The initiative was launched by the British Fashion Council back in 2012 and is at a fast pace growing rate more than London Fashion Week. According to a Mintel report menswear collections has grown by 22% in the past five years. With an estimated 4.5% yearly growth, the menswear market little by little has become the centre of attention for the fashion world.
What we observed this season was a wide-ranging blend between punk, military and 1990s and 2000s nostalgia. Colours were predominantly dark and sportswear was the main focus of most of the designers. Another highlight of the shows was the cultural richness and diversity of the castings.
Nasir Mazhar presented an all-black sports wear collection at his catwalk show at London Collections Men.
Since his appearance on the fashion scene in 2013, Cypriot-Turkish designer has gained great recognition. Having skipped one season due to his father’s death, Mazhar introduced an all-black tribute to him, following his last season menswear show.
The collection included the iconic tracksuit sweatpants branded with the designer’s name, as well a headpieces made of buckets, wrapped with clothes. Models were rocking New Metal boots and sophisticated “chillwear” as the designer himself refers to his own style.
What we also saw was the variety in the models casting which was a direct reflection of the multicultural influence Mazhar has. In an interview for Dazed, the designer stated that Instagram was his main tool of scouting his catwalk models.
Padded shoulders and armoured jackets that were essential parts of the looks, are a response of the designer’s fascination with the craft of metal making. In the same interview for Dazed, the designer shared his initial career-goal which was to become a craftsman of armours.
Nevertheless, even though this was not eventually the scenario, he managed to incorporate this interest in the sexed up collection, exploring extreme masculine aesthetics and androgyny.
What we saw was that the 90s revival is still a strong trend on the catwalk. Exposed underwear and high-waist branded thongs became the leit motif of the show.
Bright colours and sportswear
London-based designer Bobby Abley also showed some 00s nostalgia, making a big statement with his Christina Aguilera inspired look. The male model, wearing blond extensions and heavy make-up presented a cropped top with the word “Dirrty”, reminiscent of Christina Aguilera’s 2002 single.

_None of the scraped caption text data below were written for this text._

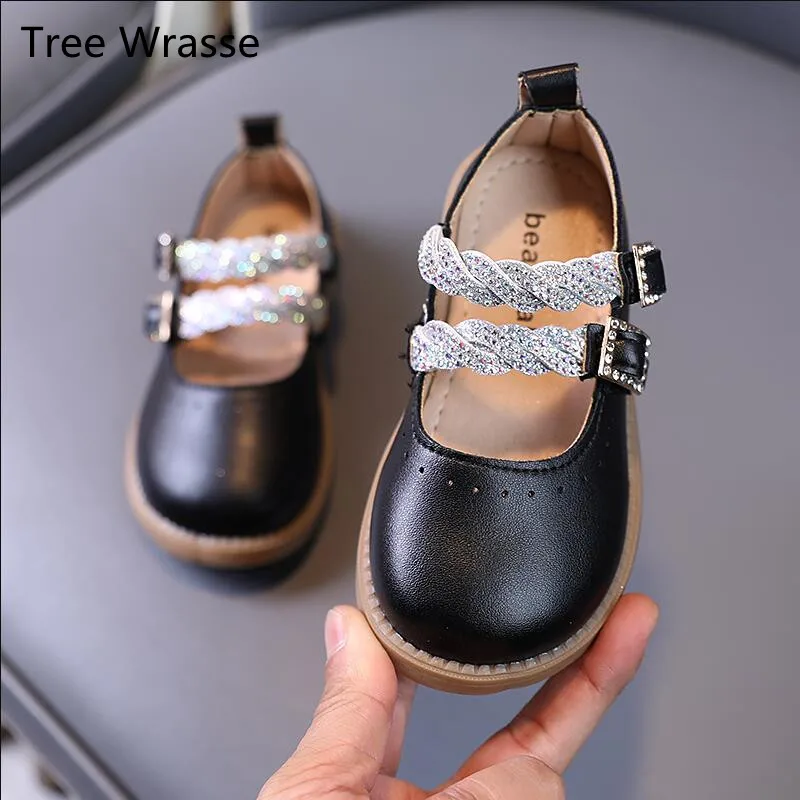 

Autumn girls leather shoes rhinestone princess shoes soft sole shoes casual non-slip girls shallow mouth peas shoes Tree Wrasse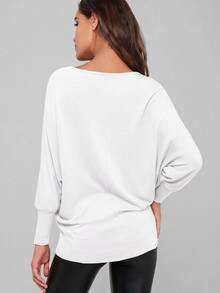Amorya Women's New Elegant Round Neck Comfortable Knit Casual Outing Top - White - View 2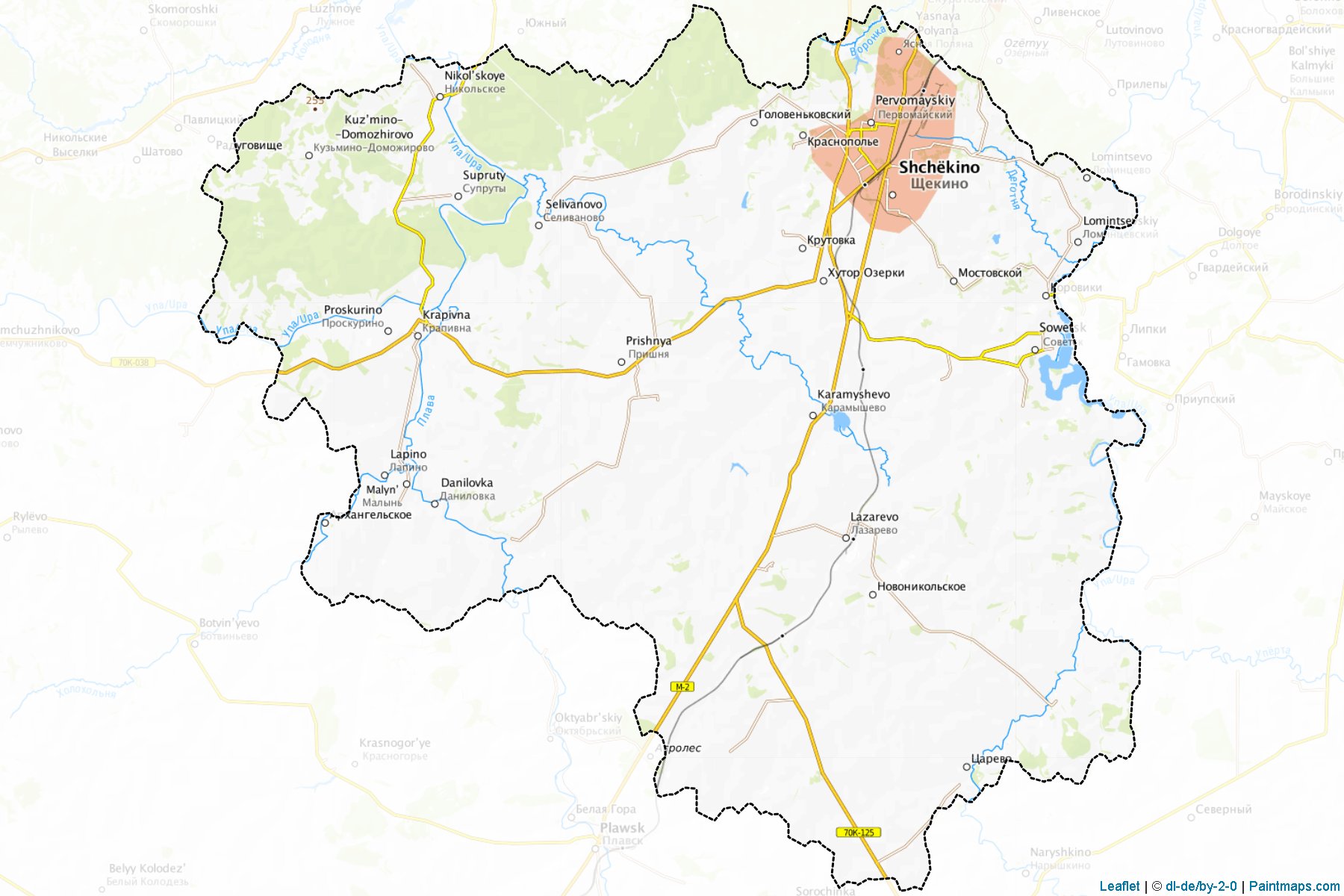 Muestras de recorte de mapas Shchekinskiy (Tula)-1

Abley’s inimitable cartoonist prints are the designer’s trademark.
His recent collaboration with Star Wars and Disney-inspired “Little Mermaid” collection have proved his ability to play successfully with pop culture references.

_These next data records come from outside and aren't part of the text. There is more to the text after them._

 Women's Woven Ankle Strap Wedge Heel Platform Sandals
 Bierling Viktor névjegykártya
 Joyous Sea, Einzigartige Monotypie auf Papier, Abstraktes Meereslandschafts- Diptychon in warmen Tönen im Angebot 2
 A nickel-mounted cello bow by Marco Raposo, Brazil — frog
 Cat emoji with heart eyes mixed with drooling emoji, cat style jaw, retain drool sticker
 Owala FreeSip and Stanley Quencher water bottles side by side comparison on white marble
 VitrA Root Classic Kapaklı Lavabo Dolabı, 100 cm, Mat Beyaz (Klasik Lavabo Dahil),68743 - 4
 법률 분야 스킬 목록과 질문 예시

Having embraced cartoon characters, bright colours and mainly Brazilian culture this season, his show looked more like a the 2014 FIFA World Cup opening.
Abley’s Brazilian adventure was brightly illustrated in Turkish blue, bright green and orange and showed his take on traditional work wear garments and cropped shapes. His emblematic “teddy bear” logo was present in the prints which again had drawn inspiration from popular characters. They also contained slogans such as “drugs” and “The fuck club” emphasising on the irony of contemporary t-shirt slogan culture.
When it comes to bright colours and playful presentations, British brand SIBLING is one of the best in the game.
Initially, a collaboration between Joe Bates, Sid Bryan and Cozette McCreery, the brand is now run but the last two after Bates’ death last August.
This season the duo made a massive menswear comeback with direct influence from boxing sportswear and chunky knitwear. Models were wearing towels wrapped around their waists reminiscent of skirts and decorated with disproportionately big medals. A strong aspect of the show have been the contrasting knits and the padded shoulders of the jackets which gave a very manly look of the garments.
Styled by Asia Werbel, the show contained leopard print denim jackets, sequinned sweaters, brightly coloured boxing robes and S-branded gloves and helmets in Basquiat-inspired yellows, blues and reds.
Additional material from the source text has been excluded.